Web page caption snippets

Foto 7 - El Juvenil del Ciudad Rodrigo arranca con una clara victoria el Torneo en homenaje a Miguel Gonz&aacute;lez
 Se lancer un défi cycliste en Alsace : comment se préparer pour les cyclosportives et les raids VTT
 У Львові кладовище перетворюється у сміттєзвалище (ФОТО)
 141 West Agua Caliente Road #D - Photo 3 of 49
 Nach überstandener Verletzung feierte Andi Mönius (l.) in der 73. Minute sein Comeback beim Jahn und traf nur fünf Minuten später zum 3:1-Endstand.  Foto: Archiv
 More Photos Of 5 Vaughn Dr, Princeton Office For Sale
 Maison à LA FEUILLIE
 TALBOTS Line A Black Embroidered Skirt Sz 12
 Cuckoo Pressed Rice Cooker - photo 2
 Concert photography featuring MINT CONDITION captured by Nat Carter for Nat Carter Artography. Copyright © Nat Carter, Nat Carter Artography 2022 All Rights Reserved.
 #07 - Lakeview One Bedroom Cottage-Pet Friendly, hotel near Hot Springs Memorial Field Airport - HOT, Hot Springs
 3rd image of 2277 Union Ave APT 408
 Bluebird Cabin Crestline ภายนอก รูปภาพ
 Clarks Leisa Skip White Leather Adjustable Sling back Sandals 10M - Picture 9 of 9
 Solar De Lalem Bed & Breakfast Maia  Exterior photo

*Your task:* Each record must be returned in full and exactly.

*Expected output:*
Foto 7 - El Juvenil del Ciudad Rodrigo arranca con una clara victoria el Torneo en homenaje a Miguel Gonz&aacute;lez
 Se lancer un défi cycliste en Alsace : comment se préparer pour les cyclosportives et les raids VTT
 У Львові кладовище перетворюється у сміттєзвалище (ФОТО)
 141 West Agua Caliente Road #D - Photo 3 of 49
 Nach überstandener Verletzung feierte Andi Mönius (l.) in der 73. Minute sein Comeback beim Jahn und traf nur fünf Minuten später zum 3:1-Endstand.  Foto: Archiv
 More Photos Of 5 Vaughn Dr, Princeton Office For Sale
 Maison à LA FEUILLIE
 TALBOTS Line A Black Embroidered Skirt Sz 12
 Cuckoo Pressed Rice Cooker - photo 2
 Concert photography featuring MINT CONDITION captured by Nat Carter for Nat Carter Artography. Copyright © Nat Carter, Nat Carter Artography 2022 All Rights Reserved.
 #07 - Lakeview One Bedroom Cottage-Pet Friendly, hotel near Hot Springs Memorial Field Airport - HOT, Hot Springs
 3rd image of 2277 Union Ave APT 408
 Bluebird Cabin Crestline ภายนอก รูปภาพ
 Clarks Leisa Skip White Leather Adjustable Sling back Sandals 10M - Picture 9 of 9
 Solar De Lalem Bed & Breakfast Maia  Exterior photo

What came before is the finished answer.